Speaking the truth in love in a day of theological declension

In one of his books, Francis Schaeffer depicts the two problems that can afflict those desiring to be true to the Christian Faith in days when biblical truth is under attack. On the one hand, some become hard and brittle in their response to errorists and develop low tolerance levels. Such men and women become schismatics and dare to break fellowship over secondary, even tertiary, issues. The history of the Church in North America in the twentieth century is strewn with such. But there is another danger. In such times, the desire to be balanced and to act in love can lead to a latitudinarianism that has lost any geographical sense of where the boundaries of orthodoxy lie. Such people, albeit, I trust, acting out of good motives, become so tolerant that they do not realize they are no longer faithful gatekeepers. They fail in affirming the boundaries that guard the core of biblical Christianity and thus betray what has been entrusted to them. As Dr. R. Albert Mohler, Jr., has rightly noted, “A word that can mean anything means nothing. If ‘evangelical identity’ means drawing no boundaries, then we really have no center, no matter what we may claim.” [“Reformist Evangelicalism: A Center without a Circumference,” in A Confessing Theology for Postmodern Times, ed. Michael S. Horton (Wheaton: Crossway, 2000), 146].

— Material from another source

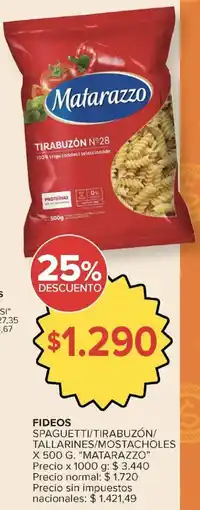 Carrefour Matarazzo fideos spaguetti/tirabuzón/ tallarines/mostacholes oferta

I have never forgotten being told by one who was entrusted with an important charge that as he got older in the Christian life, there was more and more that was simply grey and unclear. I am thoroughly convinced now that at work in such a life was a loss of biblical priorities and imperatives and the emergence of an unhealthy latitudinarianism.

For the past thirty years or so Evangelicalism has found herself increasingly embattled within as she is being forced to engage with what are concessions to the spirit of the age that imperil the gospel. And no surprise, we are seeing the emergence of a latitudinarian spirit that is deeply disturbing. Let us guard the gospel and affirm the clear boundaries of the Faith—and let us do so with love. “Speaking the truth with love”: both are needed.